The firm's previous papers have argued that while it may be true that most active managers fail to outperform their respective benchmarks, certain funds have a better chance. In particular, those with low expenses and high investment by their portfolio managers deliver higher returns and better outcomes to investors.
That point of view may be gathering steam among advisers. Mr. O'Connor's team of 155 fund sellers helped American Funds turn its cash flows positive last year for the first time in seven years. Just last month, the team posted its best net fund sales since the financial crisis.
About $345 million moved into the firm's mutual funds last year, according to a Morningstar Inc. estimate. Another $1.9 billion flowed in last month, making it
the best month for the firm since May 2009.
But what success the Capital Group Cos.
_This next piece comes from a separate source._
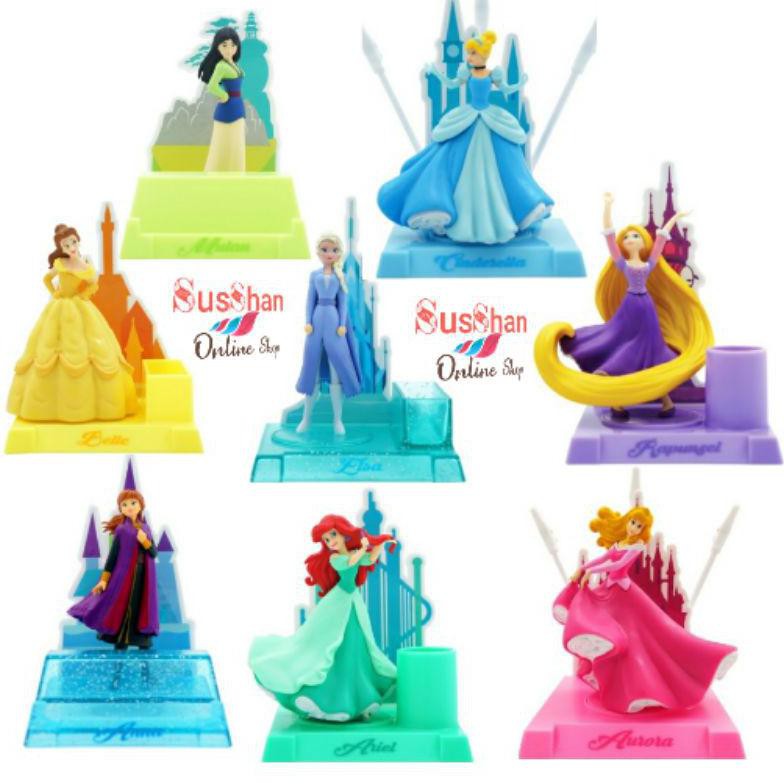 

( BISA COD ) DISNEY PRINCESS & FROZEN Stationery Set EKSLUSIF [Kode 1|Kode 2|Kode 3|Kode 4|Kode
Inc.-owned firm, which is based in Los Angeles, is enjoying is limited by what it's endured over the last several years.
As passive-tilted Vanguard Group Inc. became the undisputed leader in mutual funds, with $2.3 trillion in mutual fund assets, American Funds lost the top spot in the mutual fund business and dropped to third. American Funds, with $1.2 trillion, now sits behind Vanguard and Fidelity Investments,
another firm grappling with the passive investing trend, in that ranking.
Where Vanguard met the movement of advisers to business models increasingly based on advisers charging fees directly to clients, in part with sales-charge-free exchange-traded funds, American Funds
didn't successfully replace the outflows in its “load” funds with sales into other products that don't pay advisers commissions. And
some advisers found themselves disappointed with the funds' performance during the financial crisis.
American Funds lost $251 billion to redemptions from 2008 to 2013. To put that in perspective, those outflows are larger than the assets today held individually in the mutual fund lineups of BlackRock Inc. and Dimensional Fund Advisors, two brands that also have a massive constituency of financial advisers, brokers and consultants.
As American Funds looks to build momentum and win back the space in portfolios it lost in recent years, Mr. O'Connor concedes that it's fighting against an environment “very much driven, at least from a U.S. equity perspective, to passive.”
Alec Lucas, a Morningstar analyst who covers Capital Group, said the firm has demonstrated “good recent performance combined with attractive investment options, especially for those at or near retirement.”
He said over half of the firm's funds had returns ranking in the top third of their categories and about two-thirds beat their peers.
The flows reflect the increased focus on retirement-focused sales.
The firm's largest fund, the $140.5 billion Growth Fund of America (AGTHX), continues to lose assets, to the tune of $7.9 billion over the last year. But “balanced” and income-oriented funds have been among the winners — the AMCAP (AMCPX), International Growth and Income (IGAAX) and American Balanced (ABALX) strategies have brought in $8.3 billion over that same time period.